Bug #27505	htmlentities fail to escape BIG5 characters correctly
Submitted:	2004-03-05 03:43 UTC	Modified:	2004-03-06 13:27 UTC
From:	ywliu at hotmail dot com	Assigned:
Status:	Closed	Package:	*Languages/Translation
PHP Version:	4.3.4	OS:	linux
Private report:	No	CVE-ID:	None

View Developer Edit

[2004-03-05 03:43 UTC] ywliu at hotmail dot com

Description:
------------
In ext/standard/html.c , htmlentities() fails to identify BIG5 Chinese characters correctly.

I have checked CVS version 1.87, the bug is still there.

Reproduce code:
---------------
In html.c, look for this piece of code :

case cs_big5:
case cs_gb2312:
case cs_big5hkscs:
    {
	/* check if this is the first of a 2-byte sequence */
	if (this_char >= 0xa1 && this_char <= 0xf9) {
	/* peek at the next char */
	unsigned char next_char = str[pos];
		if ((next_char >= 0x40 && next_char <= 0x73) ||(next_char >= 0xa1 && next_char <= 0xfe)) {
			

Expected result:
----------------
In fact, the first byte should be from 0xa1 to 0xfe, and the second byte should be from 0x40-0x7e and 0xa1-0xfe.
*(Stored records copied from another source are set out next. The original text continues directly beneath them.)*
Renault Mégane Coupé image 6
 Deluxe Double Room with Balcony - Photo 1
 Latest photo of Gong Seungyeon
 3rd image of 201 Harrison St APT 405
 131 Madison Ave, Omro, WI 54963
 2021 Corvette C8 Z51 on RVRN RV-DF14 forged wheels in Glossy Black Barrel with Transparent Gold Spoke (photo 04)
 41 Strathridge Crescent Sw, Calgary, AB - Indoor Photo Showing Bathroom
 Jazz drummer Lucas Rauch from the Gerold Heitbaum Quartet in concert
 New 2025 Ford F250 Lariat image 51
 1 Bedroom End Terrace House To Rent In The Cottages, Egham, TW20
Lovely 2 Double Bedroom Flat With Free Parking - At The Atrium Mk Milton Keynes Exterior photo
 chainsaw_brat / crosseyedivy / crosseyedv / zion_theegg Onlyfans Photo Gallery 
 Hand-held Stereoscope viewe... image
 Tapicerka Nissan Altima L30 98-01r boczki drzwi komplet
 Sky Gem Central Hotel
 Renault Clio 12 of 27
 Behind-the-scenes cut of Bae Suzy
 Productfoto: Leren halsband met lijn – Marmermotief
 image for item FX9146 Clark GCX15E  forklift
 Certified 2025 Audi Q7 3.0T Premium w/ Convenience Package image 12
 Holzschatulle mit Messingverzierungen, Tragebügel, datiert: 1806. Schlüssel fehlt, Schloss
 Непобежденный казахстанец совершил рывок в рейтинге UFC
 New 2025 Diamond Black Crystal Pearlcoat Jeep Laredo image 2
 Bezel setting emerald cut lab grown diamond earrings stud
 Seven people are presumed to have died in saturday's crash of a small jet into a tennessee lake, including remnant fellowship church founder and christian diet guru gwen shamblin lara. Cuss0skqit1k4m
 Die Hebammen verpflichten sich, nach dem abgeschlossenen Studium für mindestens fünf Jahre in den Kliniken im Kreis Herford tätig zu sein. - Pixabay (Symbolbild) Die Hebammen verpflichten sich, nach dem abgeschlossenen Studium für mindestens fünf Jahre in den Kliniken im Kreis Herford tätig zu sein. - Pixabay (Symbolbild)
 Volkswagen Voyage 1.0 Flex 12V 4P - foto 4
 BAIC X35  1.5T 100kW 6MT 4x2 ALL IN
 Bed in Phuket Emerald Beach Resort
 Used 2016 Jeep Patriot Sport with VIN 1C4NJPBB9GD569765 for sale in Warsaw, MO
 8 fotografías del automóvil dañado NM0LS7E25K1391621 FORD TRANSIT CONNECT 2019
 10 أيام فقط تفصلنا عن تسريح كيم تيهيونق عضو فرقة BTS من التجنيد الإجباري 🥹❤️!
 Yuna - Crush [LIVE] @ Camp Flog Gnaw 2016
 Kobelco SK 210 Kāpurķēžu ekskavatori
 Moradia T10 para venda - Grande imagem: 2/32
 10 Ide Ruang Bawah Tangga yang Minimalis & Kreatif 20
(from page 88, "Understanding Japanese Information Processing" by Ken Lunde , O'Reilly.)

Actual result:
--------------
So it should be :

	if (this_char >= 0xa1 && this_char <= 0xfe) {

and 

		if ((next_char >= 0x40 && next_char <= 0x7e) ||(next_char >= 0xa1 && next_char <= 0xfe)) {

Patches

Pull Requests

History

AllCommentsChangesGit/SVN commitsRelated reports

[2004-03-06 13:27 UTC] iliaa@php.net

This bug has been fixed in CVS.

Snapshots of the sources are packaged every three hours; this change
will be in the next snapshot. You can grab the snapshot at
http://snaps.php.net/.
 
Thank you for the report, and for helping us make PHP better.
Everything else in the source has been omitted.